■ **Problem details**:
Entries below include pictures. Output exactly the lines from the one with "carpeted bedroom with baseboards" down to the one with "senior man and", both ends included, and leave the pictures out.

■ **Data for this exercise**:
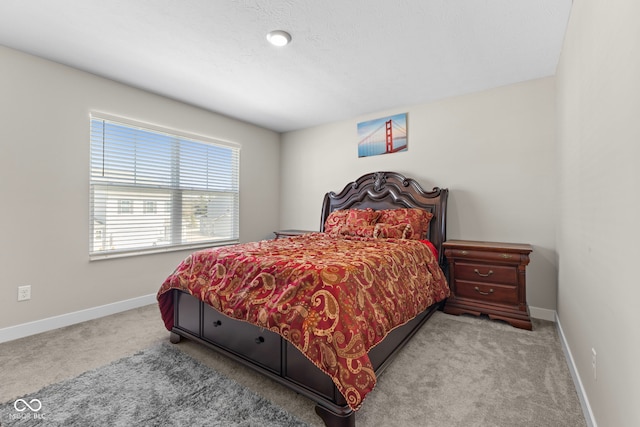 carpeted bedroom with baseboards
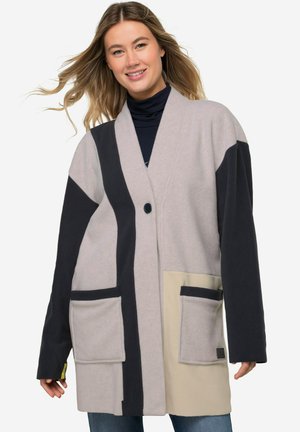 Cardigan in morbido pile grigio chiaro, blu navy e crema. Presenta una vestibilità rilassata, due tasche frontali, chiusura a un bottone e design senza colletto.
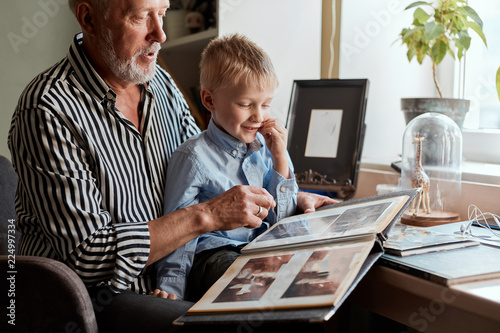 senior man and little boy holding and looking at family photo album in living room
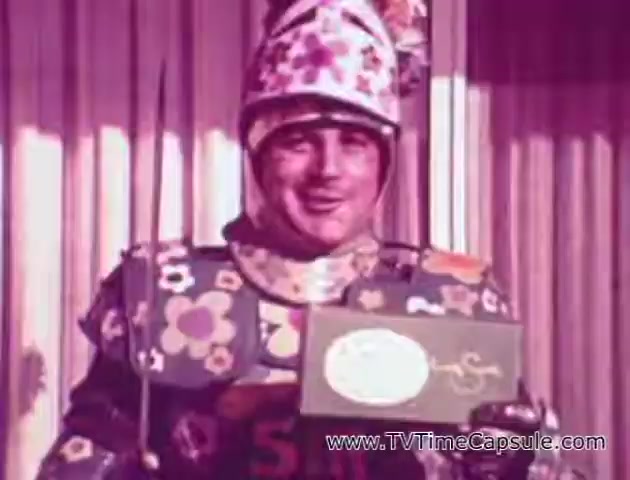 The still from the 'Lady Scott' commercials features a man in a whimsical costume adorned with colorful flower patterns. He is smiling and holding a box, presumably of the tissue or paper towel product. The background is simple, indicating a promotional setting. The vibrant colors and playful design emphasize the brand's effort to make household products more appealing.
==
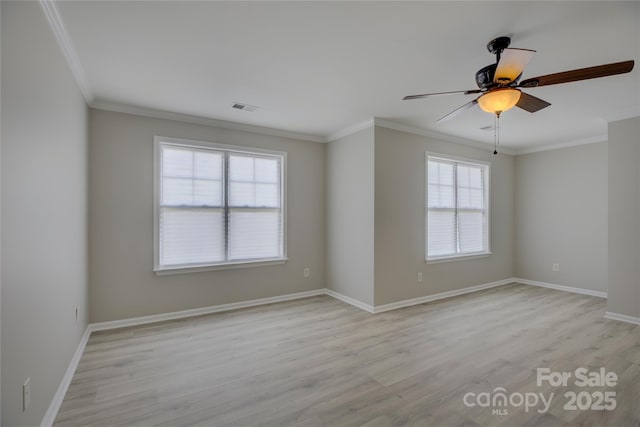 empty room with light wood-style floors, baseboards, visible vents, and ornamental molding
---
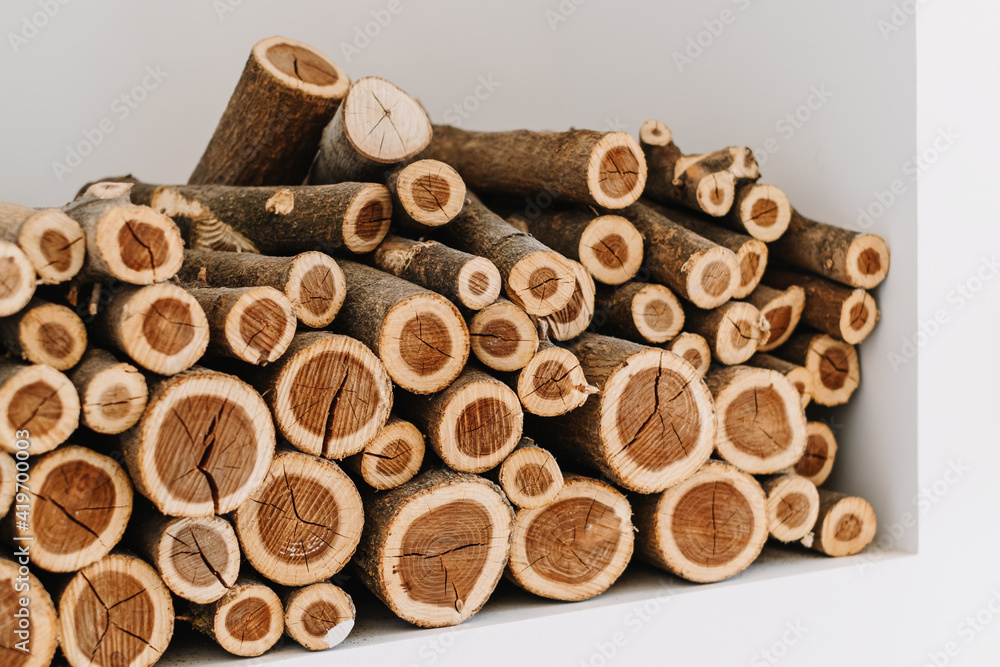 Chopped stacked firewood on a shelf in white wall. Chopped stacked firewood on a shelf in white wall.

■ **Solution to this problem**:
 carpeted bedroom with baseboards
 Cardigan in morbido pile grigio chiaro, blu navy e crema. Presenta una vestibilità rilassata, due tasche frontali, chiusura a un bottone e design senza colletto.
 senior man and little boy holding and looking at family photo album in living room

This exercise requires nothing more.